Dementia progression is heterogeneous and predicting who will decline quickly remains an open problem. Most work in this area has focused on volunteer-based cohorts, which are subject to recruitment biases. Instead, we examine predictors of rate of cognitive decline in cognitive assessment scores using electronic health record (EHR) data from a US memory clinic.

METHODS

Data include patients with their first memory clinic visit (baseline) between January 1, 2014 and May 31, 2024. We used a discrete-time model to identify significant predictors of baseline and 6 month change in Mini-Mental State Examination (MMSE) scores (Montreal Cognitive Assessment scores were converted to MMSE equivalents for analysis). Inverse probability weighting was used to account for selection and censoring biases and p values were adjusted for multiple comparisons.

RESULTS

The cohort included 9583 patients, of which 7113 had a baseline cognitive assessment.

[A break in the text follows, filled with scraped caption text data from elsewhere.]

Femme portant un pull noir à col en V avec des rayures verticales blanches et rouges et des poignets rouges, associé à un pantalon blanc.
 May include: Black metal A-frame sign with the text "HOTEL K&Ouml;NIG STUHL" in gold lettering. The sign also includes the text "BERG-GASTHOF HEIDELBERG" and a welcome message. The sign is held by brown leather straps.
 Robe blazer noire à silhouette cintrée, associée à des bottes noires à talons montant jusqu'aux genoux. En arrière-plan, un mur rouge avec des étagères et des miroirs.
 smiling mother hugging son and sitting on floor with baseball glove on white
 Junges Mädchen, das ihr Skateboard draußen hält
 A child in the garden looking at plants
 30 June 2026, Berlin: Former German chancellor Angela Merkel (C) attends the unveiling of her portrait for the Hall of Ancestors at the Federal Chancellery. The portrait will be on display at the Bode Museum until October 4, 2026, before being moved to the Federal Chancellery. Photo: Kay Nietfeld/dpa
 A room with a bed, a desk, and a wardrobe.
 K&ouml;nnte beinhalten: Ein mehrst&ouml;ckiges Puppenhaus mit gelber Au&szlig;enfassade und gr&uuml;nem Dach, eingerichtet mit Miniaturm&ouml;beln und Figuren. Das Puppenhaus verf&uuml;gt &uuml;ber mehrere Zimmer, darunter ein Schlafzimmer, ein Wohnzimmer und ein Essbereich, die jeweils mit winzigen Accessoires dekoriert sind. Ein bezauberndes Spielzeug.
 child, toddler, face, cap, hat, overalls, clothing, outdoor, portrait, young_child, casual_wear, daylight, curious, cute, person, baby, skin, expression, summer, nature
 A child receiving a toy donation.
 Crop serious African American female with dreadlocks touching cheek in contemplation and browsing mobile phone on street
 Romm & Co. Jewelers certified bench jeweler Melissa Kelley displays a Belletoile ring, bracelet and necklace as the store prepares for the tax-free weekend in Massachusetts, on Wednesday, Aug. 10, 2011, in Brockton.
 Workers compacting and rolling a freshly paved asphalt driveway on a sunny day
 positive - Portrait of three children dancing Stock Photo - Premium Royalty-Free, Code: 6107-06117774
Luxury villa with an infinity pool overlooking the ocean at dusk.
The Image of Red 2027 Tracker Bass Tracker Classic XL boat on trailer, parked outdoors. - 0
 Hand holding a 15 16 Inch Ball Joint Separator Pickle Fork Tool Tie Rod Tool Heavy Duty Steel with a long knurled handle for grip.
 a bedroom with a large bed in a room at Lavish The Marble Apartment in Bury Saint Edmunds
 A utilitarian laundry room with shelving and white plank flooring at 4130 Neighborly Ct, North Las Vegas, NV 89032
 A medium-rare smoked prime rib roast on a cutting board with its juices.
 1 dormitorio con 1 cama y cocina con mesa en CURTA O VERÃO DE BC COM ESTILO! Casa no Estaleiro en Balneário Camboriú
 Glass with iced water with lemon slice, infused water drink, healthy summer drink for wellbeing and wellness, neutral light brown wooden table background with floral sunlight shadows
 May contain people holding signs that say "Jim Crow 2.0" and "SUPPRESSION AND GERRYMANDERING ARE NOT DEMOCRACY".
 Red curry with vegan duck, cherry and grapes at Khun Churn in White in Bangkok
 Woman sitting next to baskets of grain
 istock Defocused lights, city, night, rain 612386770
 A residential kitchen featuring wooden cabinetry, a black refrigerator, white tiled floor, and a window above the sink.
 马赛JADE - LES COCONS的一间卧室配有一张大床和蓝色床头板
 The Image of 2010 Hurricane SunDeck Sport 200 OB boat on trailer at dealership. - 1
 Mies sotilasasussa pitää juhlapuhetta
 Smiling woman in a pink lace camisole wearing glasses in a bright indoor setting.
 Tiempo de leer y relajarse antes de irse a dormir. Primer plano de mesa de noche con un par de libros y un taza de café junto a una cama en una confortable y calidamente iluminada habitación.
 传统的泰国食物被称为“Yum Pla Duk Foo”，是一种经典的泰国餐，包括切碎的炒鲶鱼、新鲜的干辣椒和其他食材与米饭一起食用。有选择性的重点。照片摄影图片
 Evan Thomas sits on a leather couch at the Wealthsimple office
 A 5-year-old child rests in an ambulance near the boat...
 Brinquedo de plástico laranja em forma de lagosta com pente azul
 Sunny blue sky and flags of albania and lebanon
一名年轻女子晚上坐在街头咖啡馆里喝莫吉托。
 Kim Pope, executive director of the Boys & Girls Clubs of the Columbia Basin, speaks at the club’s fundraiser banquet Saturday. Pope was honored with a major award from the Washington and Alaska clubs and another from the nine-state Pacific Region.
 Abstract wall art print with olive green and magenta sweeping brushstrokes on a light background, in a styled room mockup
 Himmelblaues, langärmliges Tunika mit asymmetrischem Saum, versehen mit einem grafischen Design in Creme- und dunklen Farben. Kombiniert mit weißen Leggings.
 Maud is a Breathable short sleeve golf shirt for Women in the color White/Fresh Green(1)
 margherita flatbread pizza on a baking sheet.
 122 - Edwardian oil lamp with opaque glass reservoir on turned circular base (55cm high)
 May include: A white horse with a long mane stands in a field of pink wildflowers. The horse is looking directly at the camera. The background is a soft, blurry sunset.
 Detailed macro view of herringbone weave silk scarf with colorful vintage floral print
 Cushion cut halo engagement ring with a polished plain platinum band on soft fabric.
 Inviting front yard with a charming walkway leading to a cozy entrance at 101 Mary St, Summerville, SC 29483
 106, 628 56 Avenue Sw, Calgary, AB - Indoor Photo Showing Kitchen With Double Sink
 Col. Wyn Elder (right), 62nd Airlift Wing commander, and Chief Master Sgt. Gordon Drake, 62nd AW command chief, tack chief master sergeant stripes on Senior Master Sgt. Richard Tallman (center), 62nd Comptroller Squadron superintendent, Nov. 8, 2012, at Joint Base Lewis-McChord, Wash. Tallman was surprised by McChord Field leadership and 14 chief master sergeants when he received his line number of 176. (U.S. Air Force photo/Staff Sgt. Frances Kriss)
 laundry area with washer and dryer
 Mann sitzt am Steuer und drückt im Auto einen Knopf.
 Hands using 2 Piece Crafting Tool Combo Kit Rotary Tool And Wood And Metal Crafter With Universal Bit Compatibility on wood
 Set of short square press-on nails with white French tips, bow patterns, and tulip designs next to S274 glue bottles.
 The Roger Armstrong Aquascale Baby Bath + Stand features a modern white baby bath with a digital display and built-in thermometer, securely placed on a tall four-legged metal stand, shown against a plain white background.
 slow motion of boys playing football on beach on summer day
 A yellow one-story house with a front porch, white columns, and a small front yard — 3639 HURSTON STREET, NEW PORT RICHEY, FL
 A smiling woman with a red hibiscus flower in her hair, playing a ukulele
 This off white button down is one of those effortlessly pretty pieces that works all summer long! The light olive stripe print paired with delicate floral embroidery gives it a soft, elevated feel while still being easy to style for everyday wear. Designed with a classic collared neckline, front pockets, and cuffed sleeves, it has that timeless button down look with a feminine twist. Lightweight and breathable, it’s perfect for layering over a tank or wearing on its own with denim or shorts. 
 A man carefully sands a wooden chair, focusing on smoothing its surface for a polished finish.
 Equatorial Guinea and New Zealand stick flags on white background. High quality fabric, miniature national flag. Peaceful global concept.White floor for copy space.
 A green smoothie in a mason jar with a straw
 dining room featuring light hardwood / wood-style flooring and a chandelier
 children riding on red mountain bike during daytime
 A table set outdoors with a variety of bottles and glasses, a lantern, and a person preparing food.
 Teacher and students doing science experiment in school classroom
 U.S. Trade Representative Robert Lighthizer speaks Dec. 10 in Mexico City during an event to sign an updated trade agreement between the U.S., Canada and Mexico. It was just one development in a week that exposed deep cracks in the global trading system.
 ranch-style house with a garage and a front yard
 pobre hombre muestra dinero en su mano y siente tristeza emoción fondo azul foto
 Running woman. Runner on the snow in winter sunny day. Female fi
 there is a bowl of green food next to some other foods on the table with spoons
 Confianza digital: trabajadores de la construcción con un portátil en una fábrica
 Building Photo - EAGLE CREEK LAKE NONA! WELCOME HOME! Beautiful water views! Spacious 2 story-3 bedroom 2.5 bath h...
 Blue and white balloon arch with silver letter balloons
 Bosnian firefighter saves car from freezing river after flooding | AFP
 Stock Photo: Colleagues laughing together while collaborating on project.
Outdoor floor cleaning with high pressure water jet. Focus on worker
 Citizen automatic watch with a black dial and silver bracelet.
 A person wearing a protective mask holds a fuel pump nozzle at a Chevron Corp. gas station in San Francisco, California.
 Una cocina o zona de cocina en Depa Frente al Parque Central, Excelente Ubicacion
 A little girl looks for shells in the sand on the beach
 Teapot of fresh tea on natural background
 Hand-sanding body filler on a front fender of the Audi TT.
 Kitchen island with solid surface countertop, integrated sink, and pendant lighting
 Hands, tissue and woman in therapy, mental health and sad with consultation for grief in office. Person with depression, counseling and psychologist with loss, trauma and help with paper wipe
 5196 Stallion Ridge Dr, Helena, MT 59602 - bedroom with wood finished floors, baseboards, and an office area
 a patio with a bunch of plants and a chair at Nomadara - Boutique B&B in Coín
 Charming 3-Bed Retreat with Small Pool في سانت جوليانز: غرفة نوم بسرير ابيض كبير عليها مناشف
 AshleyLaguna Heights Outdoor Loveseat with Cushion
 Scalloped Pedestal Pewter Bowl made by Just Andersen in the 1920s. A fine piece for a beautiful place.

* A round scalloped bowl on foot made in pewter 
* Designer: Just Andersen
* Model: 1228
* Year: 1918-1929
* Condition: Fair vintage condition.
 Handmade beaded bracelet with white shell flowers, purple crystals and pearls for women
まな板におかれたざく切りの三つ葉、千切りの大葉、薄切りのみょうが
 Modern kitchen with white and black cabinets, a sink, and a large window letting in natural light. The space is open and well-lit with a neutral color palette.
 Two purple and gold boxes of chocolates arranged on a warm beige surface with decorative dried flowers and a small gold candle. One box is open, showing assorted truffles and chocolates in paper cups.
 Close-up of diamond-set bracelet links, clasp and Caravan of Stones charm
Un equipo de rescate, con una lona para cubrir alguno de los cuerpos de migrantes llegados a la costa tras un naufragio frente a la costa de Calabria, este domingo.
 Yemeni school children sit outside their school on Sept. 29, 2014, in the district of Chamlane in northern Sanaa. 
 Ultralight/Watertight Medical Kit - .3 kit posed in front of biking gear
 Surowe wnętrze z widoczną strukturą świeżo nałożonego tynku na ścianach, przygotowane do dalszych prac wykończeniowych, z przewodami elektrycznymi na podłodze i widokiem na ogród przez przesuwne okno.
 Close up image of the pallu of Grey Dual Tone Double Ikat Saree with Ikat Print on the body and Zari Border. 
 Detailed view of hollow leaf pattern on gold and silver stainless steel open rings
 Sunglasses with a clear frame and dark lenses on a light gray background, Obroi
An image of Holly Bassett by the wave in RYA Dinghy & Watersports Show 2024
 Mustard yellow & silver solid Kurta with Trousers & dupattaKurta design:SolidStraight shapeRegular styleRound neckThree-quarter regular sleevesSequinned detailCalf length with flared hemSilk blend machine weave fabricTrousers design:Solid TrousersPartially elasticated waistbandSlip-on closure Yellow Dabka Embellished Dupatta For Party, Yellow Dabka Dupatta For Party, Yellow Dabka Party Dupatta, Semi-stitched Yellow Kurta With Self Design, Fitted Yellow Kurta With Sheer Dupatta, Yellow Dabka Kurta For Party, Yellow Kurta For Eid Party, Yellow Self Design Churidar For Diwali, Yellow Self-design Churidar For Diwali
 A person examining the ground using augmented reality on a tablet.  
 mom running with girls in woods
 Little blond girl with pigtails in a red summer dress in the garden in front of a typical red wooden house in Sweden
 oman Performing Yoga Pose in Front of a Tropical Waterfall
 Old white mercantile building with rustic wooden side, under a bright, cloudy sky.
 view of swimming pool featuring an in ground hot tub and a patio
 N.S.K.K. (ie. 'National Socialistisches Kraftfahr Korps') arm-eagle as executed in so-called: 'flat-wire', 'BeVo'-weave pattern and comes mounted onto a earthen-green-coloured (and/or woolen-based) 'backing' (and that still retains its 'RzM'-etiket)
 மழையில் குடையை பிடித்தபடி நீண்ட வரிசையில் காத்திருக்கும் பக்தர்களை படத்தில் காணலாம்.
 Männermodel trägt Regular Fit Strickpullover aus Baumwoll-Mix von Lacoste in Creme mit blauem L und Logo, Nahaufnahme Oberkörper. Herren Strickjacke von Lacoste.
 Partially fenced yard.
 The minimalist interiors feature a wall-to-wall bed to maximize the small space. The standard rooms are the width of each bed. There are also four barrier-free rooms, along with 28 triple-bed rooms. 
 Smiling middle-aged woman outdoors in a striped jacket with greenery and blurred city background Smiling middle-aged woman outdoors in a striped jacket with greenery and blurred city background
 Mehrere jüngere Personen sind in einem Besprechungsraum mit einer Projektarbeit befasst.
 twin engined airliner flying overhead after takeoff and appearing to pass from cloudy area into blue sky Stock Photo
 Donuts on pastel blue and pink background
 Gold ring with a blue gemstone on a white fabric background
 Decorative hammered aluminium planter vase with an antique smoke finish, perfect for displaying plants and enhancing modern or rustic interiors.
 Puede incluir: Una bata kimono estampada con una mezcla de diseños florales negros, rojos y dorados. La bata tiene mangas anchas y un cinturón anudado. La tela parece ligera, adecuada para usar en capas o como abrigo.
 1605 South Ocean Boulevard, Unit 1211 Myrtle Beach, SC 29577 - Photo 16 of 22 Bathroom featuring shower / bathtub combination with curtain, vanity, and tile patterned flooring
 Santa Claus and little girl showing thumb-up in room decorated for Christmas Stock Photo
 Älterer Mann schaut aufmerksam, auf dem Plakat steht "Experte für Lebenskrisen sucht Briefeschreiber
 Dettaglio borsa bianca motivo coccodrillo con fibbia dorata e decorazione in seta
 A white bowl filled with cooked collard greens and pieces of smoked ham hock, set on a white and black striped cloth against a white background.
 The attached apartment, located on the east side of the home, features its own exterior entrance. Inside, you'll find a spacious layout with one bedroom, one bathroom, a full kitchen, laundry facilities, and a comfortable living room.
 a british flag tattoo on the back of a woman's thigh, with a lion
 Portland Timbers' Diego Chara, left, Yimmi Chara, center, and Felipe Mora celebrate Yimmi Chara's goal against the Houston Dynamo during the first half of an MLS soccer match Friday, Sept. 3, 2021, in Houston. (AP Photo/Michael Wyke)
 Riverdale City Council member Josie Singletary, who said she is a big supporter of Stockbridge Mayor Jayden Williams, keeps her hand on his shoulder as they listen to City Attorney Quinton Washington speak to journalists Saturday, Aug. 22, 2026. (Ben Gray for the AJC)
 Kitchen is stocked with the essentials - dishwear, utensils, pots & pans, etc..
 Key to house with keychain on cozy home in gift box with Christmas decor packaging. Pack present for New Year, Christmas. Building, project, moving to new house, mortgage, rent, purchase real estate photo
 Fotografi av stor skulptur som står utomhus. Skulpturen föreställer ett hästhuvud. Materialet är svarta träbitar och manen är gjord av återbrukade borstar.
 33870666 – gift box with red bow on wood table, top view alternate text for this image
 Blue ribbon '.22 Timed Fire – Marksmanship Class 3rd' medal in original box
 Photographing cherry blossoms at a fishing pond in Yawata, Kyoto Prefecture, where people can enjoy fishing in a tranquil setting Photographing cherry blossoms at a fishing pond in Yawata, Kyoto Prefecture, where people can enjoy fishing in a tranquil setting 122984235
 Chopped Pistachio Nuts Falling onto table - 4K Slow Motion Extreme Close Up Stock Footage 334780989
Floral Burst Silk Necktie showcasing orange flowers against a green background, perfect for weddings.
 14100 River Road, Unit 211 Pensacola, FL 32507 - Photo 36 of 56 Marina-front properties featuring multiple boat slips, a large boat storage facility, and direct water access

Average MMSE at baseline was 23.2. Variables associated with lower baseline MMSE included female sex, non-White race, Medicaid enrollment, baseline dementia diagnosis, and cholinesterase inhibitor prescription, while higher scores were associated with prior diagnoses of chronic pain or fatigue. Quicker post-baseline decline was associated with older age, dementia diagnoses, and cholinesterase inhibitor prescription, while slower decline was associated with a higher number of total prescriptions, distance from home to clinic, and Social Deprivation Index. Notably, rate of decline was not associated with mild cognitive impairment, other non-dementia cognitive impairment, or any of the comorbidities considered.

DISCUSSION

While several significant predictors were identified, the lack of associations with broad categories of comorbidities and social determinants of health suggest that finer grained predictors may be needed. Additionally, the finding that cholinesterase inhibitor prescriptions predicted quicker decline merits additional investigation in real-world samples. The model developed in this work may serve as a first step toward an EHR-based progression risk tool.

Highlights

In a memory clinic setting, faster decline in Mini-Mental State Examination scores was associated with age, dementia diagnosis, and cholinesterase inhibitor or memantine prescription.
Slower decline was associated with the patient's total number of prescriptions.
Neither race nor ethnicity were associated with rate of decline, nor were baseline mild cognitive impairment, other non-dementia cognitive impairment, diabetes, hypertension, obesity, depression, anxiety, chronic pain/fatigue, or hearing loss.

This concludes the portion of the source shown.